Conditional probability where the conditioning variable is continuous

Question

Consider

• a random variable $Y$ with finite support $\mathcal{Y}$

• a random variable $X$ with cdf $G$ absolutely continuous with probability density function $g$ (i.e., $X$ is a continuous random variable with support $\mathcal{X}$)

• all random variables are defined on the probability space $(\Omega, \mathcal{F}, \mathbb{P})$

For some $y\in \mathcal{Y}$, let $$ \mathbb{P}(Y=y| X)\equiv h_y(X) $$ where $h_y: \mathcal{X}\rightarrow [0,1]$

What is the function $$ (y,x)\in\mathcal{Y} \times \mathcal{X} \mapsto h_y(x)* g(x)\in \mathbb{R} $$ ? ($*$ denotes scalar multiplication)

Is it the joint probability density function of $(Y,X)$?

Answer 1

There is no (traditional, i.e., non-impulsive) joint density for $(X,Y)$ because $Y$ is a discrete random variable. Nevertheless, the function $d(x,y) = P[Y=y|X=x]f_X(x)$ can be viewed "operationally" as having the same desirable features of a density, with the understanding that we "sum" over the $y$ variable, not integrate.

• For example, we "sum out $y$" to get the marginal density for $X$: $$\sum_{y \in \mathcal{Y}} P[Y=y|X=x] f_X(x) = f_X(x)$$ This is distinct from "integrating out" the $y$ variable if there were a tranditional density $f_{XY}(x,y)$, i.e., the standard formula $f_X(x) = \int_{y=-\infty}^{\infty} f_{XY}(x,y)dy$.

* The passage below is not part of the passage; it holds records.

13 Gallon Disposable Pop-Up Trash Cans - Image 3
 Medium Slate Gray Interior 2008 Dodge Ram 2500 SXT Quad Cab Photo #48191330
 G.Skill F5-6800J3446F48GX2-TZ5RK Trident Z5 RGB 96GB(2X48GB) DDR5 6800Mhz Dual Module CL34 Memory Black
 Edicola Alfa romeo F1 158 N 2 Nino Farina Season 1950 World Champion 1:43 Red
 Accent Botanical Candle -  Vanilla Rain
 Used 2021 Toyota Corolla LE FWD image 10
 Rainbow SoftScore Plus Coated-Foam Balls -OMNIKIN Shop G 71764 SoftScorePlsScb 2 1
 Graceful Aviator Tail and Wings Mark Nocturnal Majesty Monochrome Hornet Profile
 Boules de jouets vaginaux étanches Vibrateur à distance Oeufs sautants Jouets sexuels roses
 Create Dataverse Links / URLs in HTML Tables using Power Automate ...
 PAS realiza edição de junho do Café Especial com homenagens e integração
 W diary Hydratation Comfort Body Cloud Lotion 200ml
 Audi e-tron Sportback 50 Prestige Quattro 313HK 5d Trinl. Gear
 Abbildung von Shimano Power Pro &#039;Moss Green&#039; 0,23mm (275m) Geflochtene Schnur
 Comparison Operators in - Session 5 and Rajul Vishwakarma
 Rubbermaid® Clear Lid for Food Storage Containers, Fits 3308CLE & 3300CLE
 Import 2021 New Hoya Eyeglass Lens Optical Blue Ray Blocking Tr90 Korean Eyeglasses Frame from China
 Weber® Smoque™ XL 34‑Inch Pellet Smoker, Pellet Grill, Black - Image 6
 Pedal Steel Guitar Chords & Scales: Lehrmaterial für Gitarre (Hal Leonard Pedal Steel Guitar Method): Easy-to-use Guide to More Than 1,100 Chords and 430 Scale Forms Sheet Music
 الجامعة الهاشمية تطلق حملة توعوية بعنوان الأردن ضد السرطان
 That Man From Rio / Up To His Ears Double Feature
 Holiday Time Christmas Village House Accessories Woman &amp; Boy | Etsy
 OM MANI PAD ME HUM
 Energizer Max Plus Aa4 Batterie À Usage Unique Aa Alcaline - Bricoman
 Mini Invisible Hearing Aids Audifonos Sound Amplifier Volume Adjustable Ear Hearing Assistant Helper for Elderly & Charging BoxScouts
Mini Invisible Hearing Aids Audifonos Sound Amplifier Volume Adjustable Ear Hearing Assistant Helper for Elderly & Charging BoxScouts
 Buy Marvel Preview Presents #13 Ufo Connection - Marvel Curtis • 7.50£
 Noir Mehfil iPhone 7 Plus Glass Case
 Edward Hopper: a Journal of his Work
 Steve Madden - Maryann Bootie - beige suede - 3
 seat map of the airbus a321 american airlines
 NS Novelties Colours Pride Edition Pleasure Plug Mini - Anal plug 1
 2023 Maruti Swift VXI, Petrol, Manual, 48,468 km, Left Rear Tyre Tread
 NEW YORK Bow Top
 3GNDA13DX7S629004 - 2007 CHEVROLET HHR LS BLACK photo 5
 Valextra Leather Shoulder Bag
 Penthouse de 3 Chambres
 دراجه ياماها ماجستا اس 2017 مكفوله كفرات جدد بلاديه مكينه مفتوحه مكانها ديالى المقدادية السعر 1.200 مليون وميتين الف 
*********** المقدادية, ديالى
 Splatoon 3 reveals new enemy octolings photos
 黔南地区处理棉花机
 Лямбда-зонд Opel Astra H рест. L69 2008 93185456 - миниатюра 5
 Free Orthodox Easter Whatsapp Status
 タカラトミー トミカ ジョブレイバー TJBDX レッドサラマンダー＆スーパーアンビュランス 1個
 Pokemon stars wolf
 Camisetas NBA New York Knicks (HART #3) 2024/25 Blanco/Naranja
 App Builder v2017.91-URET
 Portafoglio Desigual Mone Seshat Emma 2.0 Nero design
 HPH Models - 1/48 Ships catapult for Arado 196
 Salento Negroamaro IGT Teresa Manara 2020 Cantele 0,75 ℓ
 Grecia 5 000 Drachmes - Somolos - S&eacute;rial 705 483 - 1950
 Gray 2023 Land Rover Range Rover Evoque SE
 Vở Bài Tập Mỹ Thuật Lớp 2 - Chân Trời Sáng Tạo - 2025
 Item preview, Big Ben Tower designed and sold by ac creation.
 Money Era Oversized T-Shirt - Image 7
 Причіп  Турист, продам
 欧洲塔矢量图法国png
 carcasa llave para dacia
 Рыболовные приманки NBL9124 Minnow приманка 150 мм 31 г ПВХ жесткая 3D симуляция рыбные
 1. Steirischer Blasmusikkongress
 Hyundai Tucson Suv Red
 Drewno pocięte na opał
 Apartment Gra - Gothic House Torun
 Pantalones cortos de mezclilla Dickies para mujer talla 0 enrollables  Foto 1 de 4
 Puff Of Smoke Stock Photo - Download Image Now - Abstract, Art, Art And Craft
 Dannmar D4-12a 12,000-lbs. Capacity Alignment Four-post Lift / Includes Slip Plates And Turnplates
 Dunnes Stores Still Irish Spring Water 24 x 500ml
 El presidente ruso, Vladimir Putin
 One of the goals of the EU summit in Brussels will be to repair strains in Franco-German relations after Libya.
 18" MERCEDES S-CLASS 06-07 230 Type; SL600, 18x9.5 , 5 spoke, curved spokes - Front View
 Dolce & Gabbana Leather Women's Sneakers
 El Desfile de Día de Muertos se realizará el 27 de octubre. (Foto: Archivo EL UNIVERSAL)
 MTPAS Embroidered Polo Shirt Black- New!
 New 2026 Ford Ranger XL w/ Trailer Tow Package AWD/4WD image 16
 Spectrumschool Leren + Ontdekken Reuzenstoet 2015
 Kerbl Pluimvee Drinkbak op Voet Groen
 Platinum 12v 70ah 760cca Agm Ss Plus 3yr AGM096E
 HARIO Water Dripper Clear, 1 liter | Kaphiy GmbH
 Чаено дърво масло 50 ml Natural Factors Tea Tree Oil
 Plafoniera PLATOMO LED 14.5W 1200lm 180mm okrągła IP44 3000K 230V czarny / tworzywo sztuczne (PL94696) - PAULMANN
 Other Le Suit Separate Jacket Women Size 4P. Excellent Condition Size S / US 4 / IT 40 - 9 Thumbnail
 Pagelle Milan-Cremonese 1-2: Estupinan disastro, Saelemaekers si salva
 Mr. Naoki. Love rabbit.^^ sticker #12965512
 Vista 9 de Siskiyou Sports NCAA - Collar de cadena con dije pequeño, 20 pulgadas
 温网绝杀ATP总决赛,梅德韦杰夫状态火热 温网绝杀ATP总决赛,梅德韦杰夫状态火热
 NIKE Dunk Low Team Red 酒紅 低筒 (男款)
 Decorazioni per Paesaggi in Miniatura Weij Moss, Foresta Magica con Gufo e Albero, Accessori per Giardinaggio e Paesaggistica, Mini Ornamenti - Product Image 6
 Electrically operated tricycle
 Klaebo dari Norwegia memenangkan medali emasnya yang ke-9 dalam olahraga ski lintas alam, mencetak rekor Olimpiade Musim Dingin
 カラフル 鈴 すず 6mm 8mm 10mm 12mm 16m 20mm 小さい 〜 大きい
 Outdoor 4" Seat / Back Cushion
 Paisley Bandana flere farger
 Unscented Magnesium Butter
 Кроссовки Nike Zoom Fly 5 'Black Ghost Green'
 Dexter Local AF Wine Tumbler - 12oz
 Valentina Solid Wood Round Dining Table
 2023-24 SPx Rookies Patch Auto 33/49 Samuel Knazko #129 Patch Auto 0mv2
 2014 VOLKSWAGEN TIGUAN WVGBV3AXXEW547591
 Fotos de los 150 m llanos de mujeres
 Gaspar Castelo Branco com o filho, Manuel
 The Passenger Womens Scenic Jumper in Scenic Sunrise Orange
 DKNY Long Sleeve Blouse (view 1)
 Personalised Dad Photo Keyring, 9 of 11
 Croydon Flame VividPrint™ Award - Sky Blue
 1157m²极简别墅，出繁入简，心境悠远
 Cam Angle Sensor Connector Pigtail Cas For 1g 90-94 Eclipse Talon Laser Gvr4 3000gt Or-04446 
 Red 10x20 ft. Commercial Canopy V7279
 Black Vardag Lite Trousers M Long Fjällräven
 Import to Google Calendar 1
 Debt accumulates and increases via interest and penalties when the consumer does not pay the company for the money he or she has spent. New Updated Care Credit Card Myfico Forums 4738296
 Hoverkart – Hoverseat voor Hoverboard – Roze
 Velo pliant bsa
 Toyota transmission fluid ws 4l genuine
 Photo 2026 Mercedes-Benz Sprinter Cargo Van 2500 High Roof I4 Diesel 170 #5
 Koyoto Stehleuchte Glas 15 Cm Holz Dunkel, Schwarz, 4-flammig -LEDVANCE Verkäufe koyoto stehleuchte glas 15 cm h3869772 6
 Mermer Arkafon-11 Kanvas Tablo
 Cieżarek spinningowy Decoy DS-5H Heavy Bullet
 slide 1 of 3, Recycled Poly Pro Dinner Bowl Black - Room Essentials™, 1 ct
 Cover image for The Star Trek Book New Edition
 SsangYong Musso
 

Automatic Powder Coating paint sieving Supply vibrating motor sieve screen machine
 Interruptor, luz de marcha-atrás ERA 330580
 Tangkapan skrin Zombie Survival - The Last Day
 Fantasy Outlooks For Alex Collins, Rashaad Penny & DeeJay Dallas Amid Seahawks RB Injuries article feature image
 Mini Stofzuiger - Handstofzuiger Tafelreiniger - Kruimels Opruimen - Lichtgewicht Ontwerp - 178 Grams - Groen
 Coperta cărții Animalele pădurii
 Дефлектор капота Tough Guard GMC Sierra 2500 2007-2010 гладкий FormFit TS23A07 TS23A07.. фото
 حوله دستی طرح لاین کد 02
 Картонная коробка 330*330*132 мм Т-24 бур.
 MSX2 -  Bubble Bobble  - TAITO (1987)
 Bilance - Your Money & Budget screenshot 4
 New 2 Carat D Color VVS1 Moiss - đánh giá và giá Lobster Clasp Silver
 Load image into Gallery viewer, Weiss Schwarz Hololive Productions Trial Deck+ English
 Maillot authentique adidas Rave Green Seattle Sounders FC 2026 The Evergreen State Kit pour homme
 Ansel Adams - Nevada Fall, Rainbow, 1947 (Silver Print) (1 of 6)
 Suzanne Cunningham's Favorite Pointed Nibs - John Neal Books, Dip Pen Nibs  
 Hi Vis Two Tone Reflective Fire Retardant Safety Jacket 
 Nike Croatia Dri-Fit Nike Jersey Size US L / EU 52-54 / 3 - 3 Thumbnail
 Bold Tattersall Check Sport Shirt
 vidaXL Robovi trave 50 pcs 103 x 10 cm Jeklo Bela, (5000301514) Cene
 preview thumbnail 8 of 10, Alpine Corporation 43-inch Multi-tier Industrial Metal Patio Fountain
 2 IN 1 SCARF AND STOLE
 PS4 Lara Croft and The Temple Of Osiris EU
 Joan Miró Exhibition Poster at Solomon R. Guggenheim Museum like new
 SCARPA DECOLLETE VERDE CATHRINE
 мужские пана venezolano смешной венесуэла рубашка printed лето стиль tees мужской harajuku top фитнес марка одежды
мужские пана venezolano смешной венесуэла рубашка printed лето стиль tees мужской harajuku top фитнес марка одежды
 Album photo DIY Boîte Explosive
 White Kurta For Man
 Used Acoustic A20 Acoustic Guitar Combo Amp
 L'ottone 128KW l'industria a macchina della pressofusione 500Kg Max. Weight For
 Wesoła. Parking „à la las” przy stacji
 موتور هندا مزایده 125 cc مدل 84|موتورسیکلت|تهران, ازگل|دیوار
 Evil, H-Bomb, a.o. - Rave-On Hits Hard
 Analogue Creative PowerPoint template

• Also note that we can "switch the conditioning" as desired: $$ P[Y=y|X=x]f_X(x) = f_{X|Y}(x|y)P[Y=y]$$

• Finally, for any measurable set $A \subseteq \mathbb{R}^2$, if we let $1_{\{(x,y) \in A\}}$ be an indicator function that is 1 if $(x,y) \in A$, and zero else, then $$\boxed{P[(X,Y) \in A] = \sum_{y\in \mathcal{Y}} \int_{x=-\infty}^{\infty} P[Y=y|X=x]f_X(x) 1_{\{(x,y) \in A\}} dx}$$ Indeed \begin{align} P[(X,Y)\in A] &= \int_{x=-\infty}^{\infty} P[(X,Y)\in A| X=x] f_X(x)dx\\ &=\int_{x=-\infty}^{\infty} P[(x,Y) \in A|X=x]f_X(x)dx\\ &\int_{x=-\infty}^{\infty} \left(\sum_{y \in \mathcal{Y}} P[Y=y|X=x]1_{\{(x,y)\in A\}}\right) f_X(x)dx \end{align} and we can formally switch sums/integrals by Fubini-Tonelli for this non-negative function.

Answer 2

This relates to a concept I have though about a lot; what follows includes some opinions.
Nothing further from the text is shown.